Joe Lally took the stage first. It was to be his final DC show, at least for a while, as he has plans to roll up his roots and move to Italy, apparently. I confess: I haven't heard any of Joe's music, and the concert was no place to really develop a taste. A heavy bassline dominated most of the songs (no surprise there), and it seemed like good shit, but who the hell knows without hearing it more than once? (Put your hand down, it was rhetorical.) I'll leave the review to Pitchfork and their ilk, whose rating system seems to match my own about as often as the local meteorologists' "forecasts" are in line with Lady Nature's machinations.

Next up were The Evens, whose music I am familiar with (alas, their latest disc, Get Evens, is jammed deep in the belly of my truck's CD player and has, to date, resisted all attempts to gently tease it out. Next up on the scene: needle-nose pliers and a couple of ham-fists). Good stuff—lyrics: political (as with Lally's bass-ridden tunes, no surprise there); instrumentation: less-is-more (hey, it's a duo!); vocals: largely toned down with occasional punkish outburts (redolent of..um...Ian's previous band).

A flawless performance before an appreciative crowd of all ages. In the middle, Mackaye made a cryptic reference to some nebulous event from a previous show (something about being sued for something he said last year that wasn't clear then) and tossed out a remonstration or two to potential hooligans in the crowd for some unauthorized porta-potty pytrotechnics that happened at this time last year and that resulted in the removal of said receptacles from the venue. Flanked by two makeshift living-room lamps whose stark appearance prompted in me a (no doubt) false association to "Furniture", The Evens ran through an impressive array of songs from both albums and managed to avoid the technological problems that interrupted last year's show.

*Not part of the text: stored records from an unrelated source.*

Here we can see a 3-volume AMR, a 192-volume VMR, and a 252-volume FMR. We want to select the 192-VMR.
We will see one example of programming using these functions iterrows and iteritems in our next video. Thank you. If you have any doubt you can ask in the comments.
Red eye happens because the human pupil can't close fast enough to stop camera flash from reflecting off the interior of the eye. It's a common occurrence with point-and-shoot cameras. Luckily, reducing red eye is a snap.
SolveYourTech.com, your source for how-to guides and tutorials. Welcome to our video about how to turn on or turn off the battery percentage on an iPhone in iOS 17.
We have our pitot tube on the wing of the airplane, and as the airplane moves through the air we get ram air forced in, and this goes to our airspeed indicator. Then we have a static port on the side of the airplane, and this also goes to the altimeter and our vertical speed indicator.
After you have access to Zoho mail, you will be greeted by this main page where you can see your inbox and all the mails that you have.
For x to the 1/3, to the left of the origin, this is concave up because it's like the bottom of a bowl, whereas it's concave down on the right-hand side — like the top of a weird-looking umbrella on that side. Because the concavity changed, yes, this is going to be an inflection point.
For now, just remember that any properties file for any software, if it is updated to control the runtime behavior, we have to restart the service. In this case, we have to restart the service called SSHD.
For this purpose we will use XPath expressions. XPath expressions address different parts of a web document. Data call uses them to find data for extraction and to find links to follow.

A few pix (and yes, I asked Henry if he minded me taking the picture; he did not)...










More pix can be found here. I'm still adding to the set.

Tuesday, July 03, 2007

Old Punks Never Die...

Ian Jams: a teaser shot from Monday night's Fort Reno show, featuring The Evens and Joe Lally. A great show matched by perfect weather.

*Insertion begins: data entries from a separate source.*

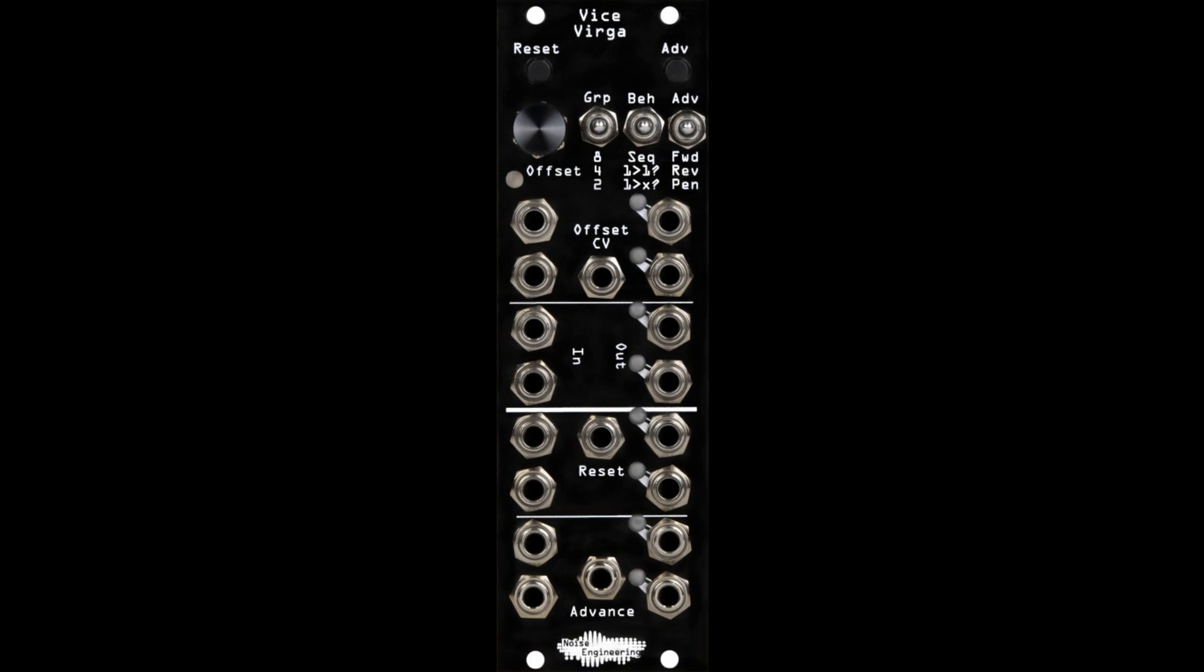Noise Engineering Releases Vice-Verga Sequential Switch. Welcome to Music Gears where we bring you the latest info on new music instruments, software, and other gear from around the world.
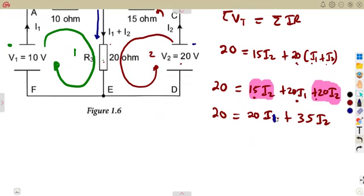Whatever operation you used to eliminate I1 must be used throughout. So it's going to be 40 minus 105, which gives minus 65I2, equal to 20 minus 60, which is negative 40. We can divide both sides by negative 65. That gives us the value of I2, which is a positive 0.615 amps. So we have obtained I2.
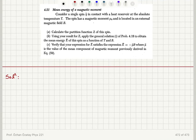Mean energy of a magnetic moment. Consider a single spin-1/2 in contact with a heat reservoir at absolute temperature T. The spin has a magnetic moment μ₀ located in an external magnetic field B.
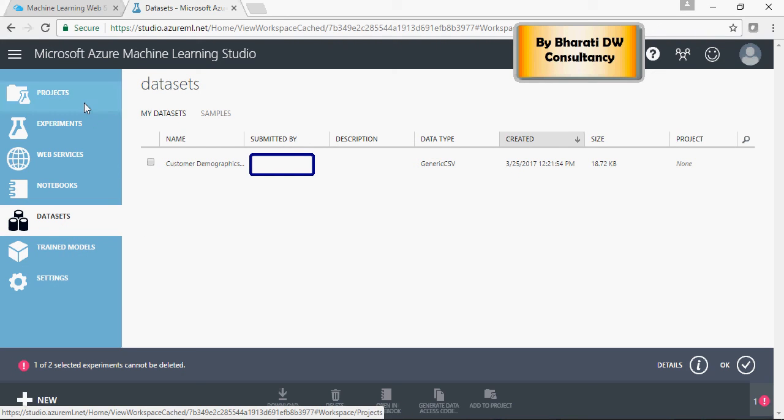In the next video, we're going to talk about loading data and creating our first machine learning model.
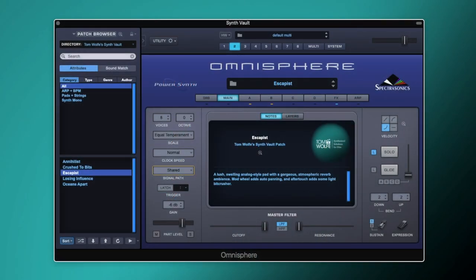Hi everyone, Tom Wolfe here and in this video I'm going to be showing you how to create this cinematic synth pad from scratch in Omnisphere.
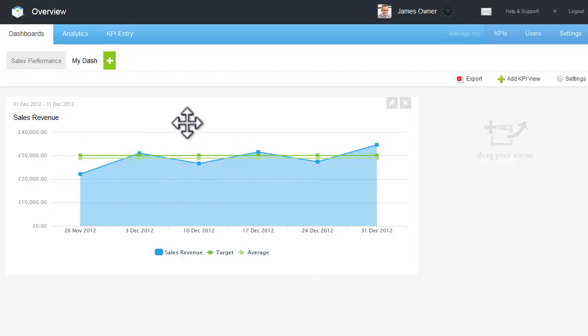Your new view is now added to your dashboard. You can position your view anywhere on the dashboard by dragging to the desired location.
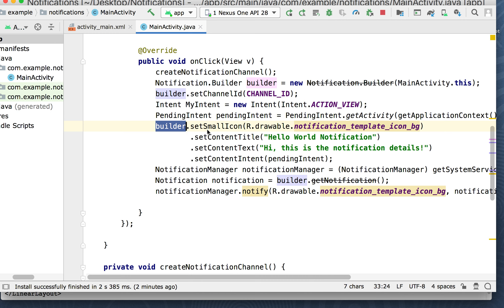For the builder, there are maybe about 10 other parameters you can set. You can set the icon, the title, the text — you could actually put links in there, pictures in there, have it load other apps. There's a lot of stuff you can do in the builder to customize the notification's behavior.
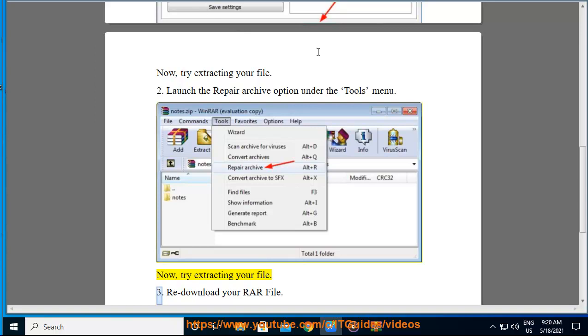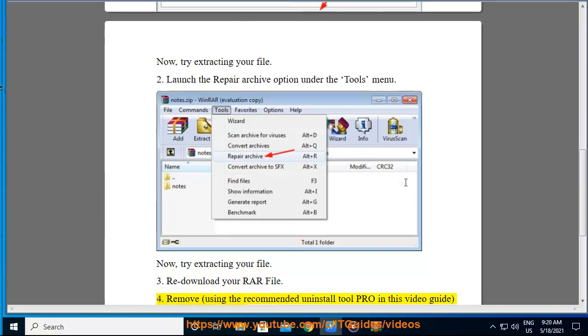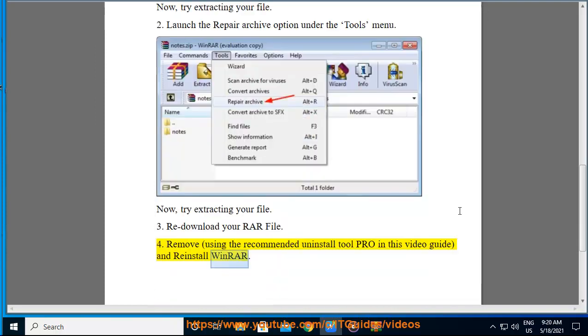3. Redownload your RAR file. 4. Remove using the recommended Uninstall Tool Pro shown in this video guide, and reinstall WinRAR.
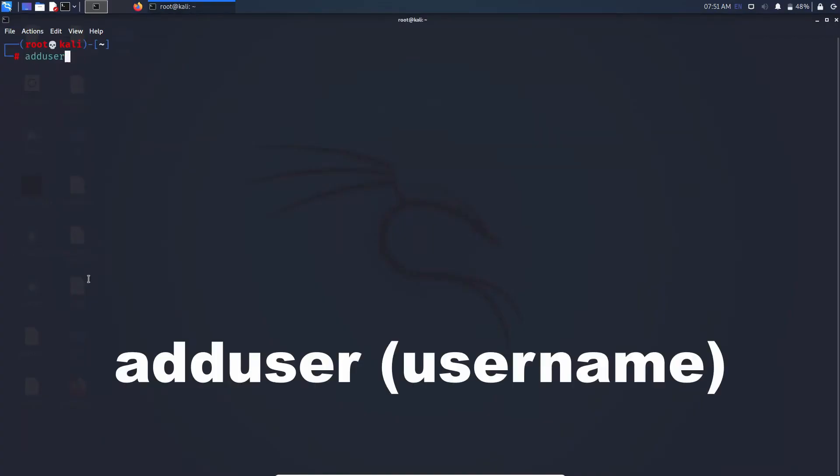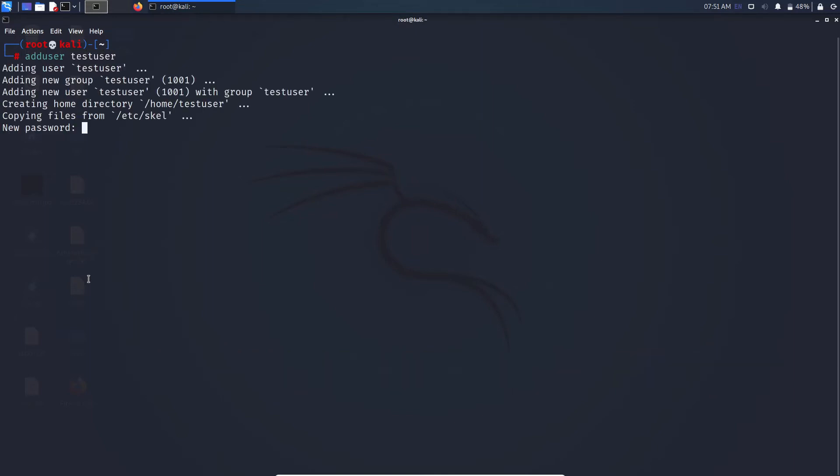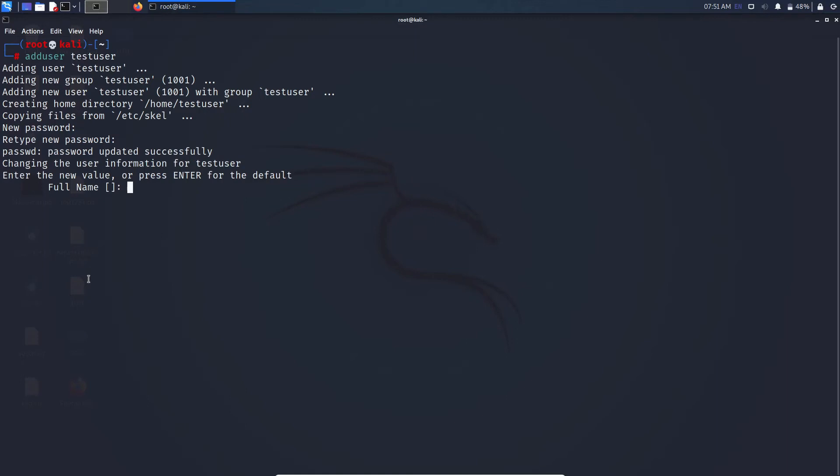Now type adduser space your username and press enter. Now type the password for that user. Now type the full name of that user. This is optional, you can also just press enter and skip ahead.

Rollins even wandered through. Three legends of the DC hardcore scene, all for free. Hard to beat.

Many pix, few keepers. More to follow. A decent camera does not a photographer make!

Monday, July 02, 2007

Even the Score...

The Evens (Ian Mackaye, Amy Farina) are teaming up with former Fugazi bassist Joe Lally to play Fort Reno this evening. No word on whether these local legends will actually share the stage at the same time.

Show starts at 7:15, runs until about 9:30, and is free. Ride your bike to it or take the metro (Tenleytown-AU Station). Gasoline-powered vehicles are strictly verbotten and will, on sight, be upended and set aflame with their own fuel.

A recent Washington Post article on The Evens.

Friday, April 06, 2007

Power's Still Raw!...

Met up with the Outlaw last Thursday evening at the 9:30 Club and pedaled over to trendy hipster Adams Morgan to hit The Reef for some preshow beer and eats. Zack managed to join us, and the three of us threw down several pints (Maredsous, Allagash Dubbel, Bell's Two Hearted Ale) and a bison burger before heading back down U Street and splitting up near the Club. Zack went his own way, and Joe and I locked up the CrossChecks outside and headed in for the show.


Iggy Pop turns 60 this month. But with the energy and physique of someone half his age, he delivered almost 90 minutes of raw power, highlighted by a couple of trademarked stage dives into the pulsing horde and backed by some of the original Stooges and the venerable former Minuteman Mike Watt on bass.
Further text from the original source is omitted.